> **WHAT YOU HAVE TO DO**
Scan the entries below for the word "Sport". Copy each line that has it.
*** RECORDS FOR PROCESSING ***
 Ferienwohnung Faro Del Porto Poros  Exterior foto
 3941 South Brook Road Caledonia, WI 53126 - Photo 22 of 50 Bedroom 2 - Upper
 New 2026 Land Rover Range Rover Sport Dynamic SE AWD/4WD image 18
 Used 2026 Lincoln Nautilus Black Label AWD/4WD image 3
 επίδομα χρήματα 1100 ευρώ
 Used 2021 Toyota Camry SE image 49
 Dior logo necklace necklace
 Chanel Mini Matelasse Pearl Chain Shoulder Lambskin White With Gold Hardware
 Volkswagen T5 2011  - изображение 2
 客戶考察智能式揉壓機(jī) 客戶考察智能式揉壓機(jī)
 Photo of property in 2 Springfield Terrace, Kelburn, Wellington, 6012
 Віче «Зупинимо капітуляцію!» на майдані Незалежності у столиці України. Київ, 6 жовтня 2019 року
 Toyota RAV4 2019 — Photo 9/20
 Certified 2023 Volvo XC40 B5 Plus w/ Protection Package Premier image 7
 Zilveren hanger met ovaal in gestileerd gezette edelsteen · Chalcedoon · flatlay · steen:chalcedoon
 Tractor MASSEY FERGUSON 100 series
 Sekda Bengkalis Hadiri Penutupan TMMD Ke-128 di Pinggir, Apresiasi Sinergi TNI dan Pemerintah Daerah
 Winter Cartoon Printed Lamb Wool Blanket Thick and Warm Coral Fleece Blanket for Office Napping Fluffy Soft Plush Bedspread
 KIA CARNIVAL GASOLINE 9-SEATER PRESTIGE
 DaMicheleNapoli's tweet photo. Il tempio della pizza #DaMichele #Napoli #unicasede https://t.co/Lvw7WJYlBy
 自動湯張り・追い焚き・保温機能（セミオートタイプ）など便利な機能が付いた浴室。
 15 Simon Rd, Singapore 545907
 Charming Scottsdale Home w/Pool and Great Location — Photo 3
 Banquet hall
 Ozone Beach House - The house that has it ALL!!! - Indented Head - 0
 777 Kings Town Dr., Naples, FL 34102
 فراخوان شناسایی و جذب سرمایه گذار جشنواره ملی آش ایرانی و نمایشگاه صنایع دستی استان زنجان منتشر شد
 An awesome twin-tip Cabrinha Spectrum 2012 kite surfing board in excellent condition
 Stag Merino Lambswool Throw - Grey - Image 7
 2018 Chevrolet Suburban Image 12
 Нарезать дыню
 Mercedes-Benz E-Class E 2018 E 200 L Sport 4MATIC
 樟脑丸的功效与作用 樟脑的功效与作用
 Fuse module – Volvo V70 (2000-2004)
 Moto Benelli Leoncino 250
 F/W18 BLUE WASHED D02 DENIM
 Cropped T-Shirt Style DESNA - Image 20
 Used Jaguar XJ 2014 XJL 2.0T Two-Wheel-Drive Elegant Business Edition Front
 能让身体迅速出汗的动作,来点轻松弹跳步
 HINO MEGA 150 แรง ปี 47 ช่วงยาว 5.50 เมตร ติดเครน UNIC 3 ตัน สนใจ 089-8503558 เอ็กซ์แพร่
*** End of RECORDS FOR PROCESSING ***
> **EXERCISE RESULT**
 New 2026 Land Rover Range Rover Sport Dynamic SE AWD/4WD image 18
 Mercedes-Benz E-Class E 2018 E 200 L Sport 4MATIC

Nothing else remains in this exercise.